Der Beschwerdeführer habe einen rund 14-jährigen Sohn (geb. 2008) aus der zwischenzeitlich geschiedenen Ehe. Mit diesem verbringe er jedes zweite Wochenende. Er habe geplant, mit seinem Sohn erste gemeinsame Ferien seit der Scheidung zu verbringen, dazu sei es allerdings noch nicht gekommen. Die Beziehung zum Sohn sei nicht ausserordentlich intensiver Natur, zumal seine Kenntnisse nicht über die wesentlichen Aspekte hinausgingen (der Beschwerdeführer habe die Namen des Lehrers und der Freunde seines Sohnes nicht gekannt oder dessen Berufswunsch bloss rudimentär [„einen Bürojob“] beschreiben können).» (E.2.4).

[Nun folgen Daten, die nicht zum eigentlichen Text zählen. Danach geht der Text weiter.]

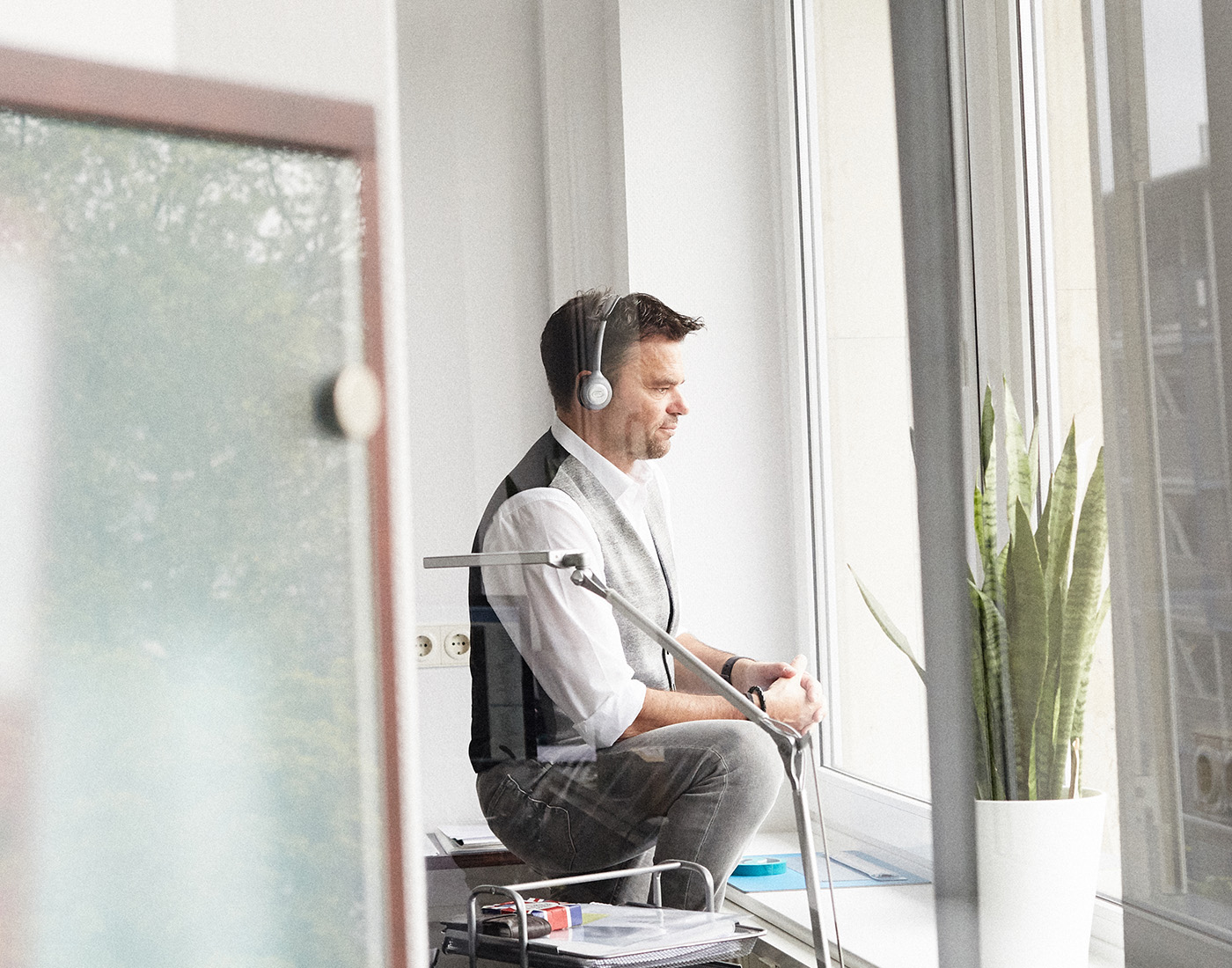 Dieses Bild zeigt einen der FederhenSchneider Geschäftsführer in den 50ern in seinem Büro. Er trägt Kopfhörer und schaut aus dem Fenster. Er steht seitlich zur Kamera und wirkt konzentriert. Das Foto wurde durch eine Glasscheibe aufgenommen.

«Diese von der Vorinstanz vorgenommene Interessenabwägung gibt keinerlei Anlass zur Kritik. Die Vorinstanz berücksichtigt die von der Rechtsprechung des Bundesgerichts und des EGMR entwickelten gängigen Kriterien (vgl. oben E. 2.2 und die dortigen Referenzen). So würdigt sie die Schwere der von ihm begangenen Delikte, die seit den Delikten vergangene Zeit sowie sein Verhalten seit den Taten. Sodann ergeben sich die relevanten Ausführungen zur Dauer des Aufenthalts im Gastland sowie seiner familiären Situation aus den vorinstanzlichen Erwägungen zur Frage, ob ein Härtefall vorliegt. Die letzten beiden Punkte fliessen in die Interessenabwägung mit ein, denn das vorinstanzliche Urteil ist als Ganzes zu lesen. Nachdem der Sohn, den der Beschwerdeführer als Hauptargument anführt, im vorinstanzlichen Urteilszeitpunkt mit nahezu 14.5 Jahren kurz vor dem Eintritt ins Berufsleben steht („Bürojob“), zunehmend selbständig ist und eigenen Interessen (Freunden, Fussball) nachgeht, eweist sich die vorinstanzliche Würdigung treffend, wonach das Kontaktrecht bei einer Landesverweisung auch mittels moderner Kommunikationsmittel aufrecht erhalten werden kann. Dies gilt umso mehr, als es sich um einen jungen Erwachsenen handelt, der mit der Nutzung moderner Kommunikationsmittel aufgewachsen und vertraut ist. Sodann geht die Vorinstanz richtig davon aus, dass der persönliche Kontakt weiterhin im Rahmen gemeinsamer Ferien im Heimatland des Beschwerdeführers stattfinden könne. Mit ihren Erwägungen zum Alter, zur beruflichen Zukunft und zu den privaten Interessen des Sohnes trägt die Vorinstanz der zunehmenden Selbständigkeit und Unabhängigkeit vom Elternhaus Rechnung, welche jungen Erwachsenen in diesem Lebensabschnitt zukommt. Nachdem die Landesverweisung in den Kosovo, ein Land innerhalb Europas, erfolgt, welches mit dem Flugzeug in kurzer Zeit erreichbar ist, erscheint sogar die Wahrnehmung regelmässiger Besuche realistisch, wenn auch nicht in bisherigem Ausmass (d.h. 14-täglich). Nicht zu beanstanden ist die von der Vorinstanz bejahte Rückfallgefahr, die sie in jeder längeren Partnerschaft sieht, dies angesichts der uneinsichtigen Haltung des Beschwerdeführers gegenüber seinen Delikten. Dass der Beschwerdeführer dies anders wahrnimmt, ändert daran nichts.» (E.2.5).

Das Bundesgericht weist im Urteil 7B_468/2023 vom 20. August 2024 die Beschwerde ab (E.3).